WORK REQUEST:
Write out again, unchanged, the line that has "logo of E Movement" and each following line through the end of the entries below; leave pictures out.

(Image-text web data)
▽

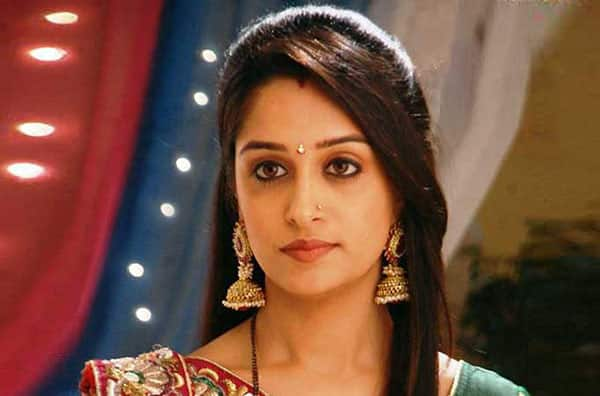 Sasural Simar Ka: Dipika Samson's character dies in the show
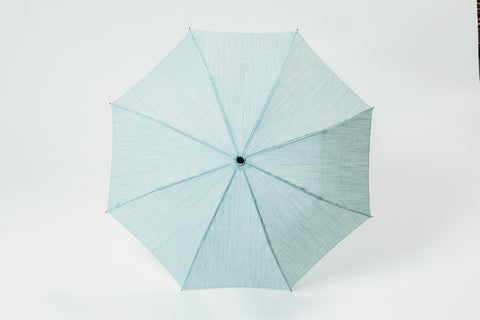 P-141 日傘ラミー 47㎝ 折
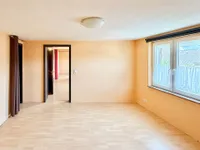 OG Schlafzimmer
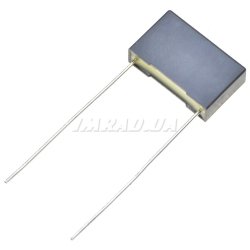 R46KI31000001M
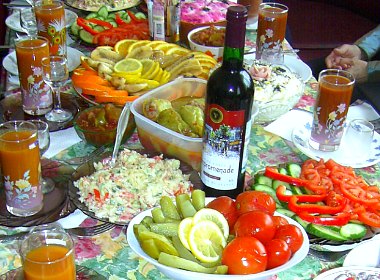 new-year-eve-festive-table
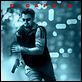 Der Mann, der niemals lebte : poster Leonardo DiCaprio, Ridley Scott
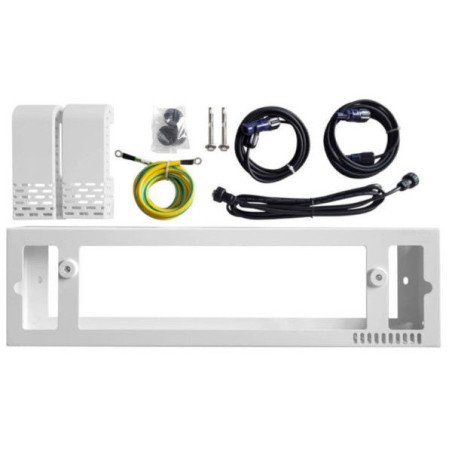 BTS 5K Extension Kit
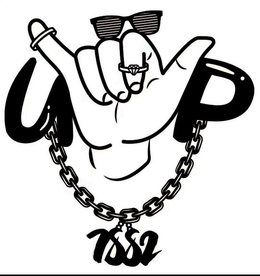 U P 7882 trademark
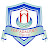 Colegio Adalides Algeciras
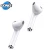 Import 2019 High quality mobile phone accessories i10 bluetooths earphone i9 i10 i10s earbuds with charging box from China
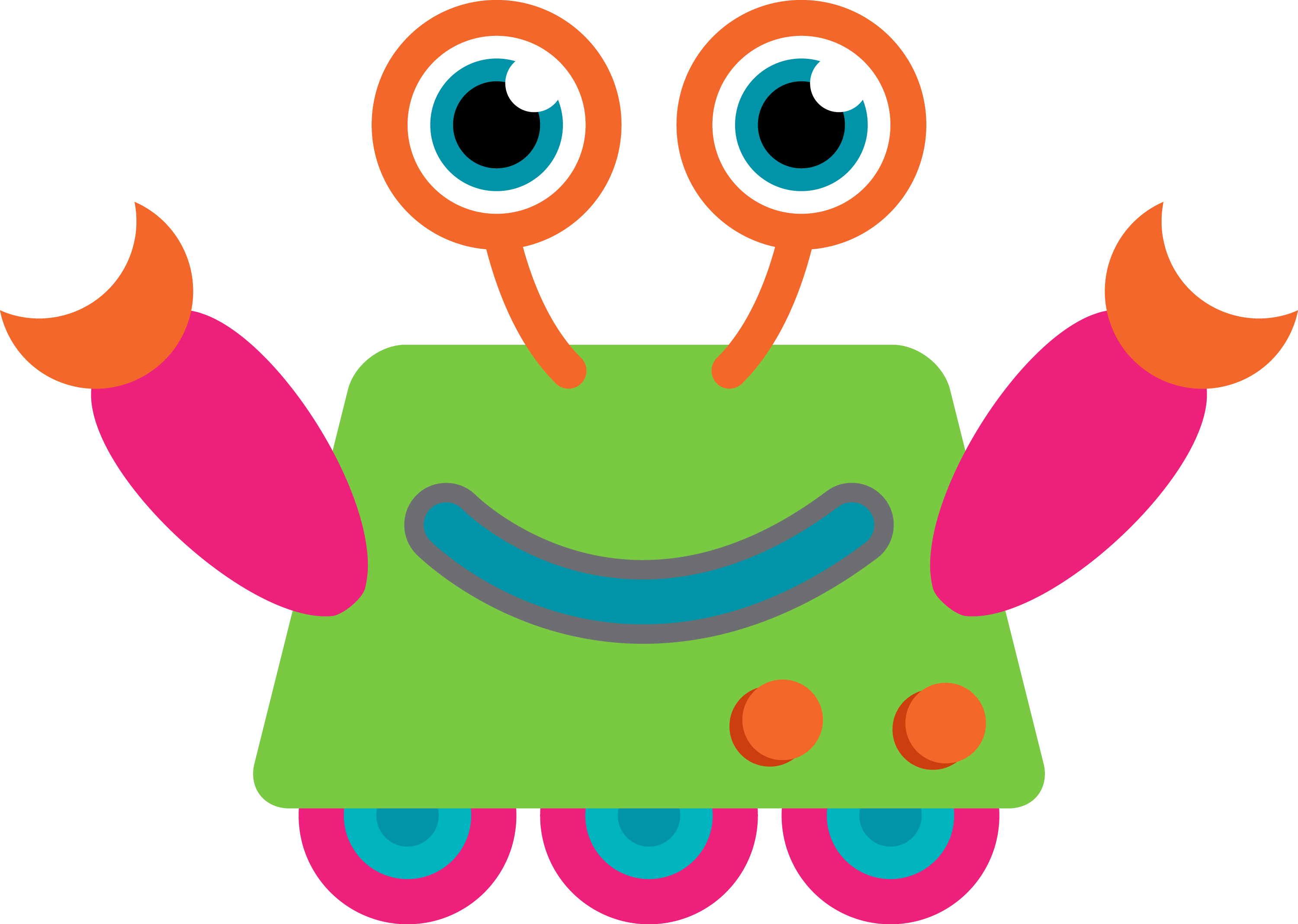 And Also Check Out The Early Literacy Classes Page - And Also Check Out The Early Literacy Classes Page (3000x2136)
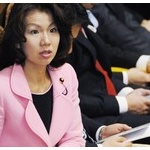 暴行問題で自民党を離党した 豊田真由子衆院議員（４２）が議員活動を続ける意向を表明！！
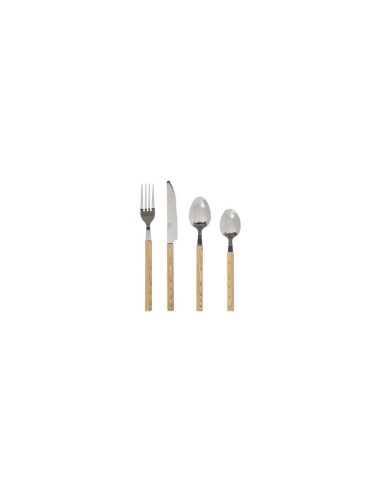 SERVIZIO 24 POSATE 173733 INDONESIA su TreG Ingrosso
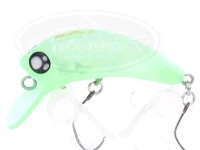  ロブルアー ママバービー 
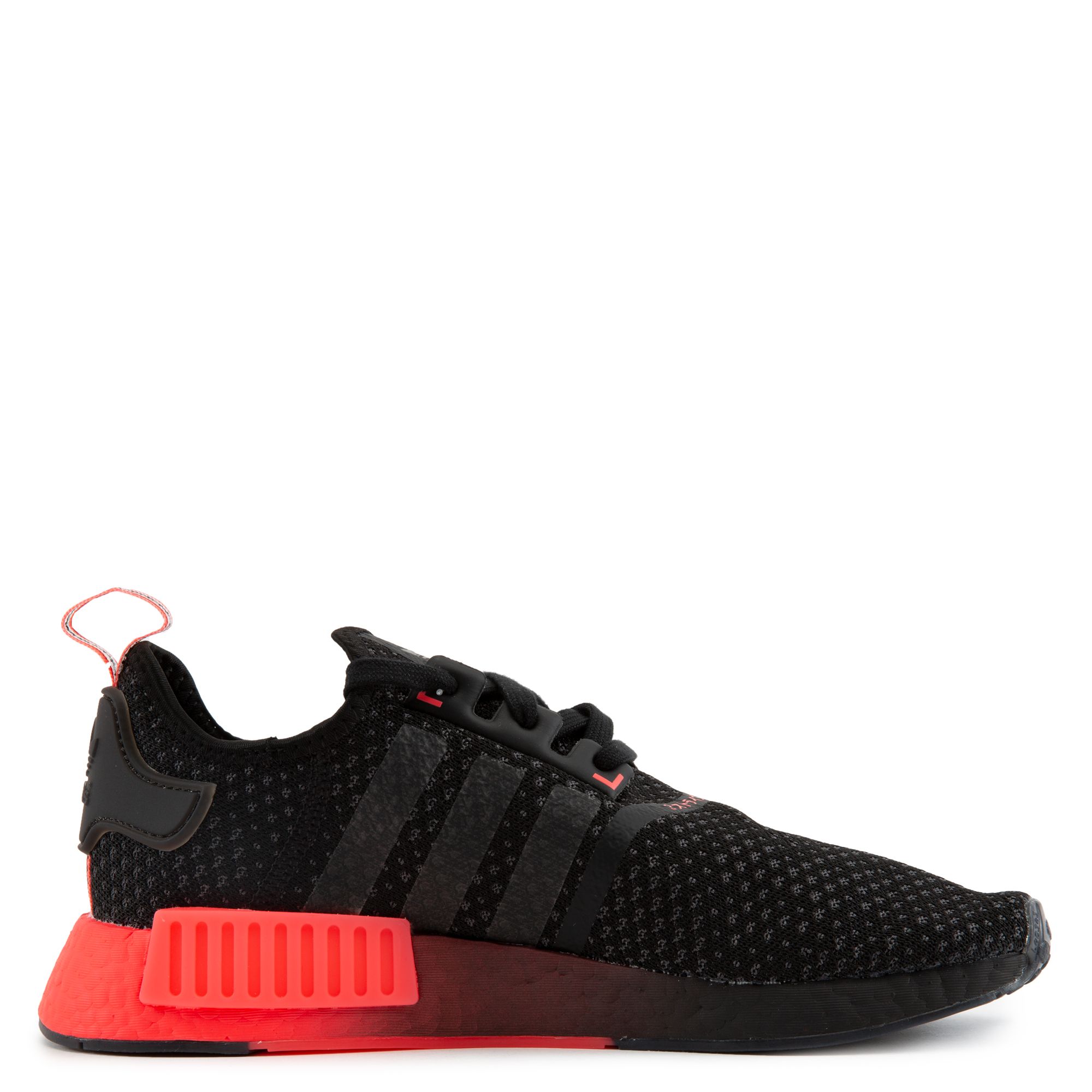 ADIDAS NMD_R1 FV1738 - Shiekh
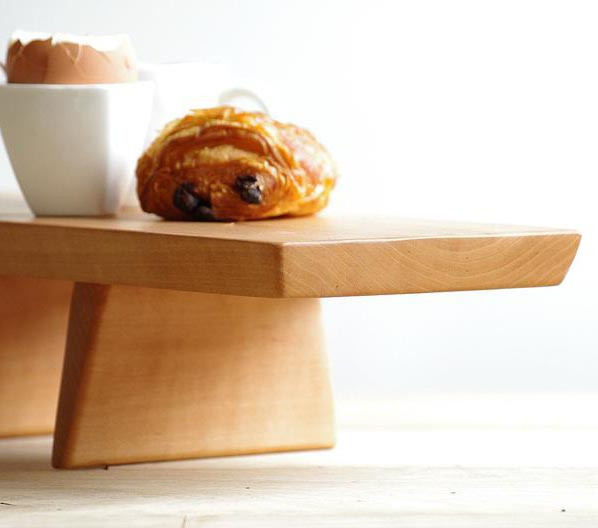 Подставка для десертов 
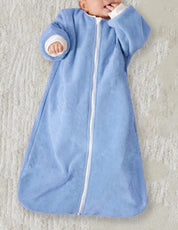 Sleep Sack Sewing Pattern for Kids, Baby Sleep Bag Pattern, Baby Pattern, Sleeping Bag, Beginner Pattern, Sewing Pattern Toddlers, Newborn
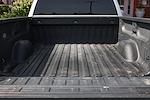 2018 Chevrolet Silverado 1500 Double Cab 4x4 Pickup for sale #57730 - photo 9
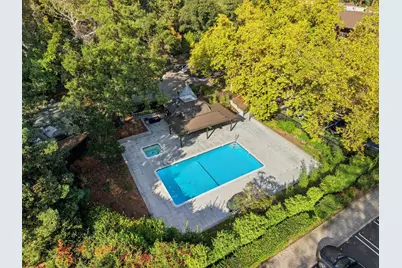 95 Church St 2201, Los Gatos, CA 95030 - Photo 29
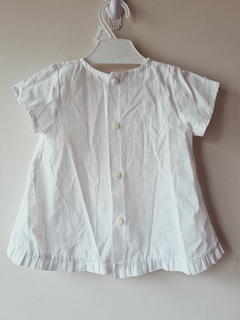 Vestido 3 meses en internet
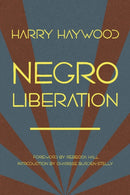 Negro Liberation-9798888904633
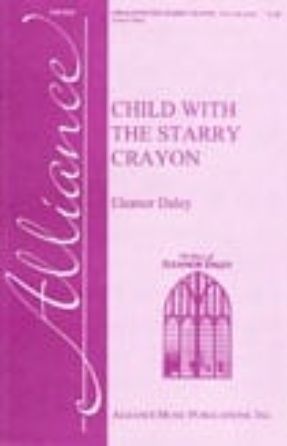 Each Child SSA - Eleanor Daley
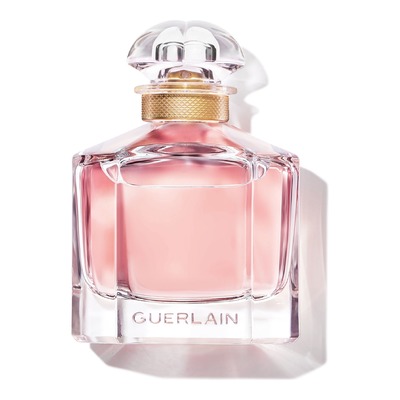 Guerlain - Mon Guerlain - Eau De Parfum - 30ml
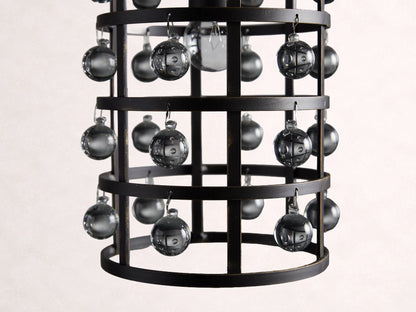 La Cage Pendant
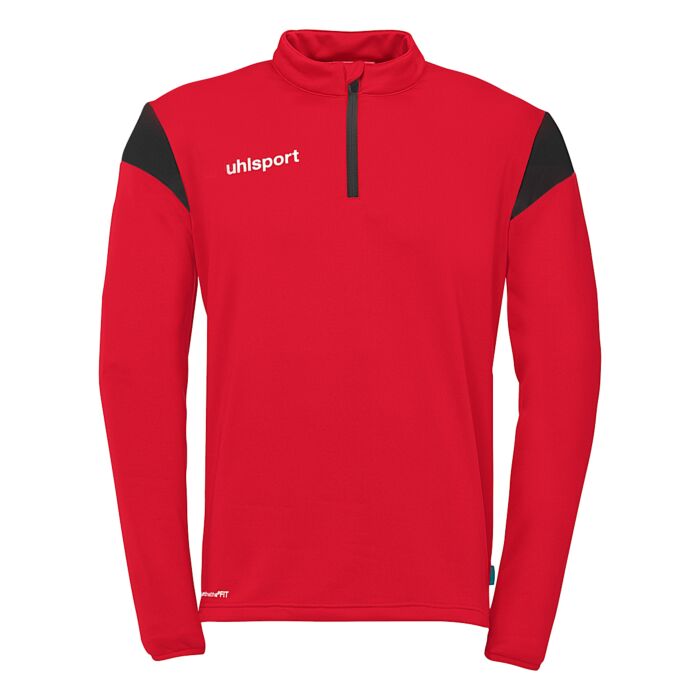 Uhlsport Squad 27 Training Jumper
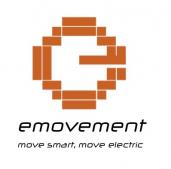 logo of E Movement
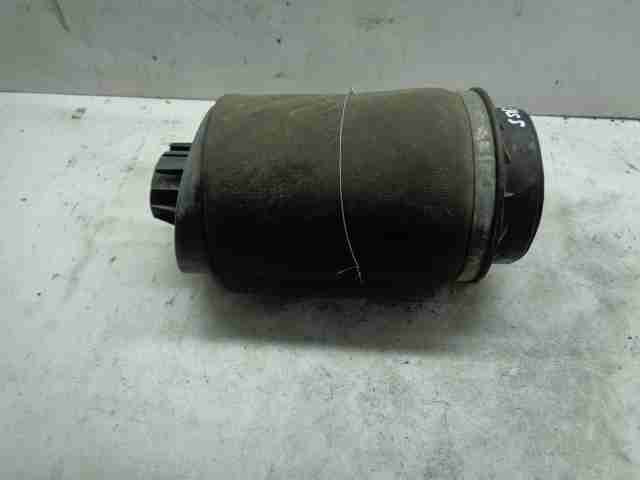 Изображение товара 11912 - 00011912 pnevmaticheskaya ressora Ford Transit Connect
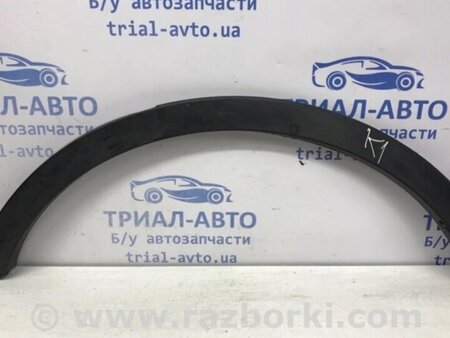 ФОТО Накладка крила для Ford Kuga Киев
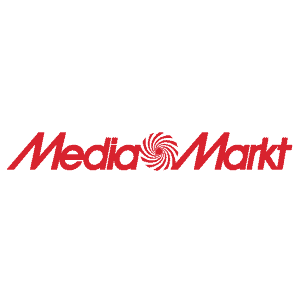 MediaMarkt Onlineshop &#8211; gratis Versand für alle Bestellungen (inkl. Spedition)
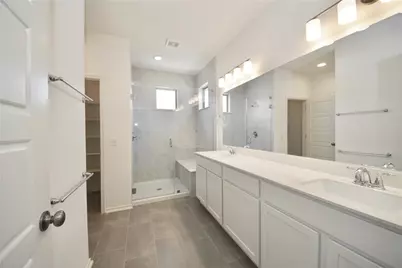 13501 Pyrite Drive, Austin, TX 78729 - Photo 11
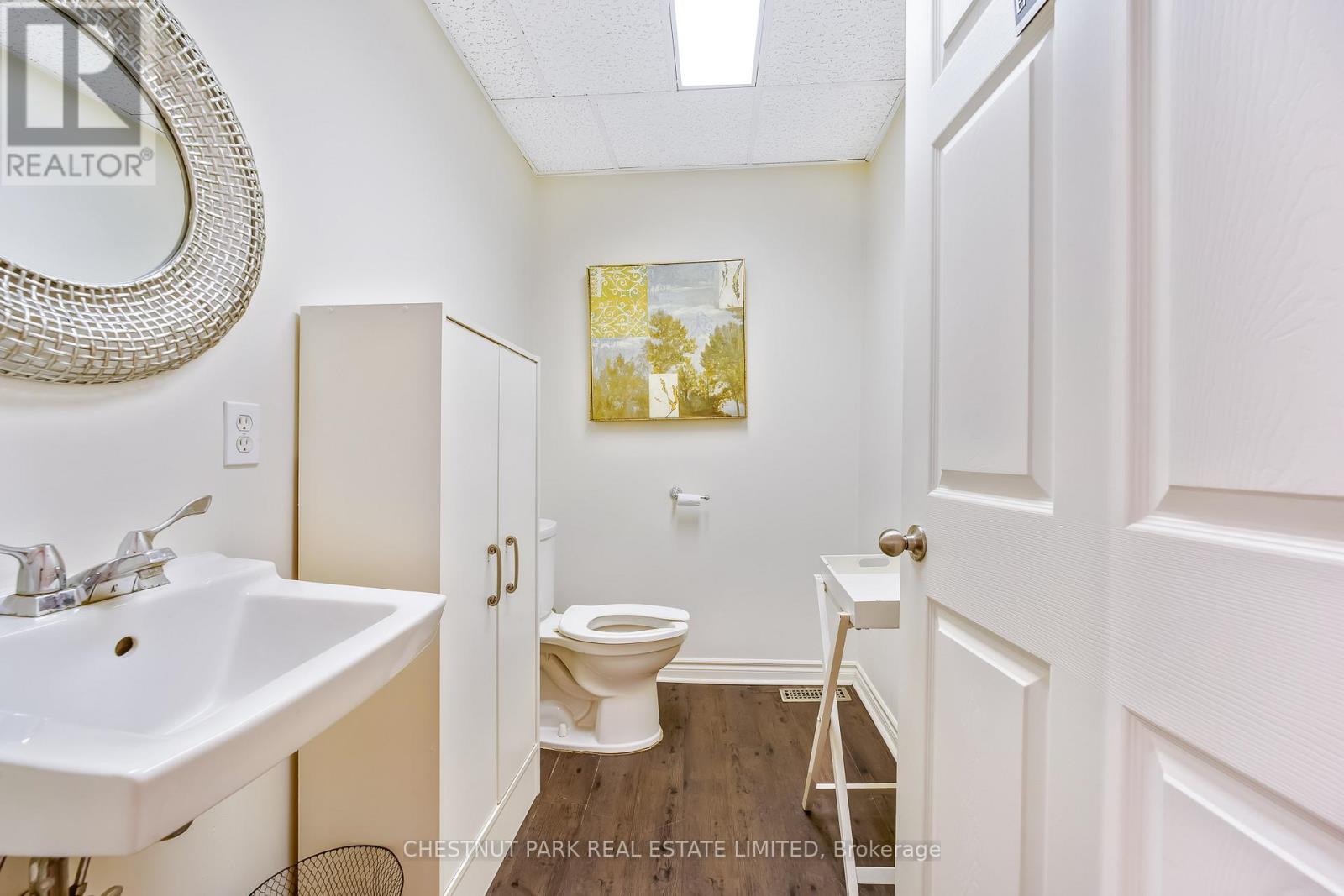 2-19 King Street W, Cobourg, Ontario  K9A 2M1 - Photo 18 - X12655862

△

ANSWER TO THIS PROBLEM:
 logo of E Movement
 Изображение товара 11912 - 00011912 pnevmaticheskaya ressora Ford Transit Connect
 ФОТО Накладка крила для Ford Kuga Киев
 MediaMarkt Onlineshop &#8211; gratis Versand für alle Bestellungen (inkl. Spedition)
 13501 Pyrite Drive, Austin, TX 78729 - Photo 11
 2-19 King Street W, Cobourg, Ontario  K9A 2M1 - Photo 18 - X12655862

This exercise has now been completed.